BEGIN Extracted information
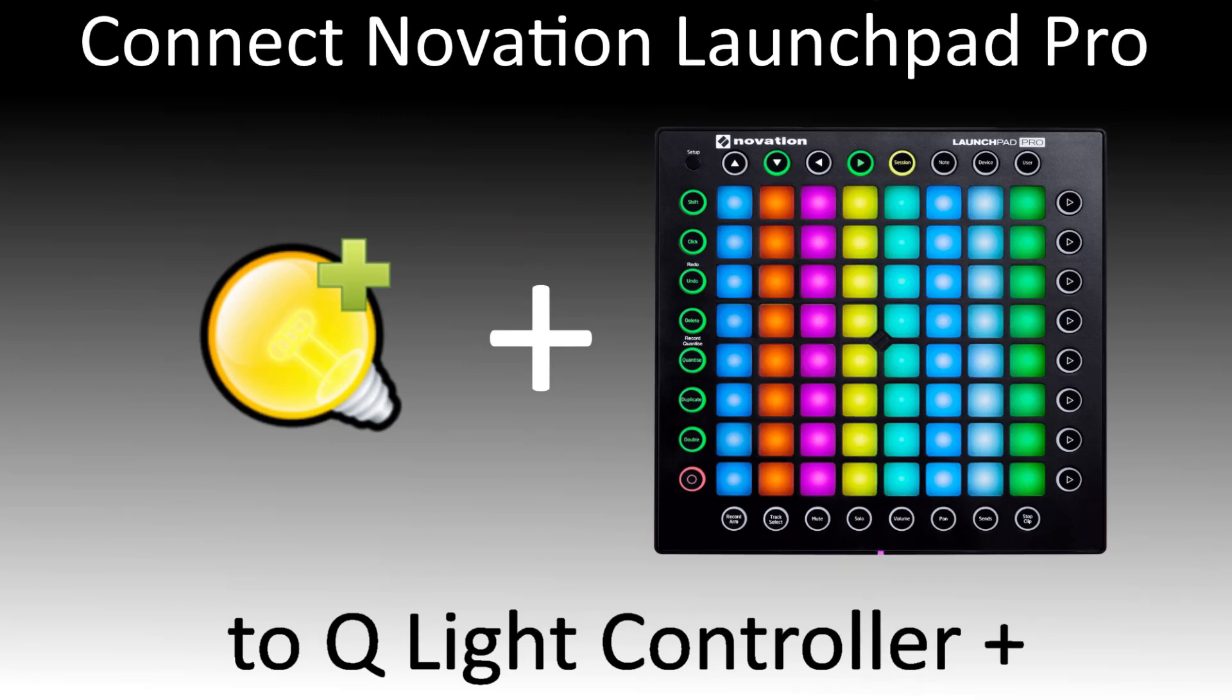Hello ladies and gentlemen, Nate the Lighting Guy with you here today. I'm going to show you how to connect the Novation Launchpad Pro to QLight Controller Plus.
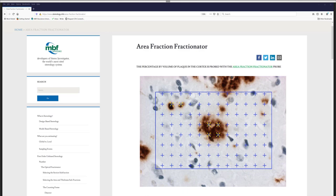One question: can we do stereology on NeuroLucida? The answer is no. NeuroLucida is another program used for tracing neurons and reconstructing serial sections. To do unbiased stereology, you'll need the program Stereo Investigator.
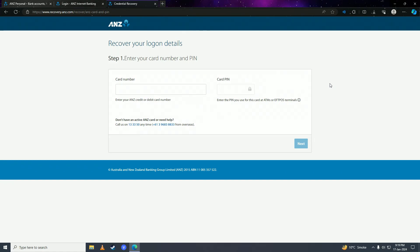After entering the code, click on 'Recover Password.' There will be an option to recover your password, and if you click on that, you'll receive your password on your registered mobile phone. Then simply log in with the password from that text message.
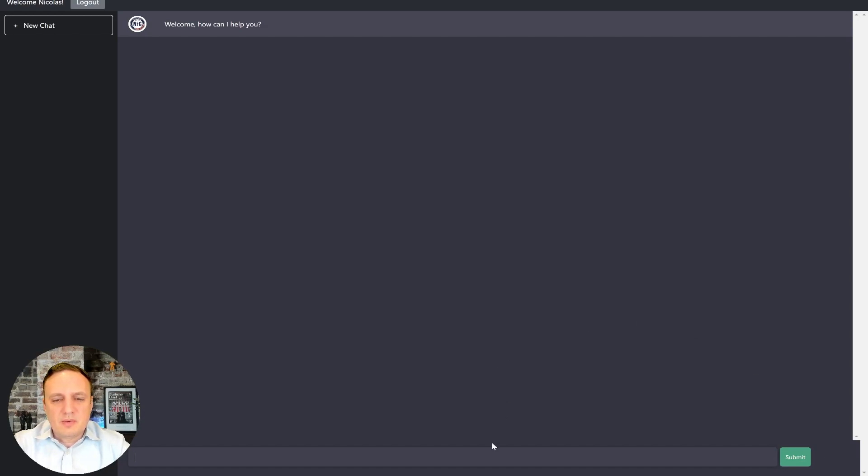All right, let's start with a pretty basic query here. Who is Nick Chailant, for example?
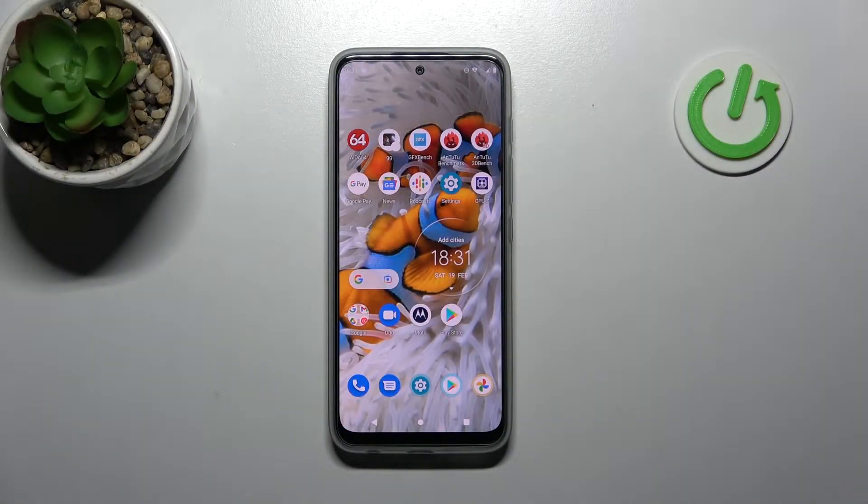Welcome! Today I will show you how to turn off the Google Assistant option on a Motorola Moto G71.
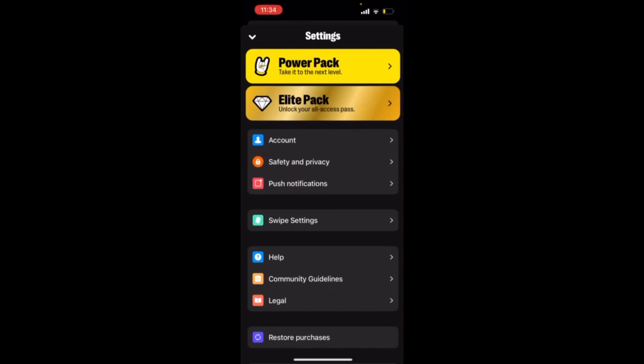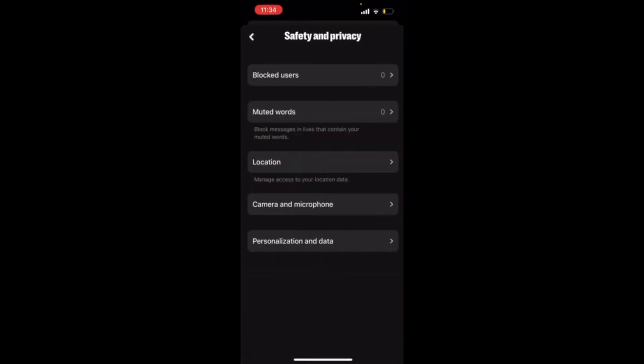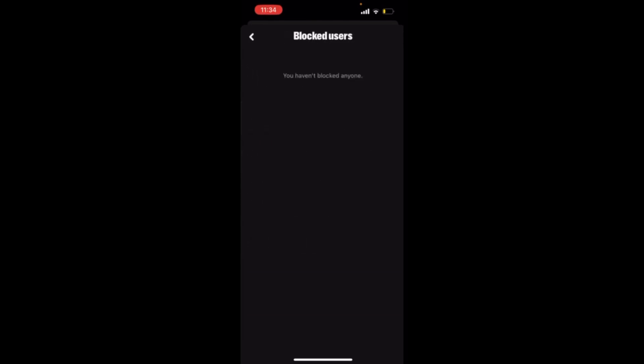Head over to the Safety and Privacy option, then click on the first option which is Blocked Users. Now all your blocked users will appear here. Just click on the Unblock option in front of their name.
END Extracted information
What is needed is a verbatim transcription of the records, minus the pictures.

_Result of the task_
Hello ladies and gentlemen, Nate the Lighting Guy with you here today. I'm going to show you how to connect the Novation Launchpad Pro to QLight Controller Plus.
One question: can we do stereology on NeuroLucida? The answer is no. NeuroLucida is another program used for tracing neurons and reconstructing serial sections. To do unbiased stereology, you'll need the program Stereo Investigator.
After entering the code, click on 'Recover Password.' There will be an option to recover your password, and if you click on that, you'll receive your password on your registered mobile phone. Then simply log in with the password from that text message.
All right, let's start with a pretty basic query here. Who is Nick Chailant, for example?
Welcome! Today I will show you how to turn off the Google Assistant option on a Motorola Moto G71.
Head over to the Safety and Privacy option, then click on the first option which is Blocked Users. Now all your blocked users will appear here. Just click on the Unblock option in front of their name.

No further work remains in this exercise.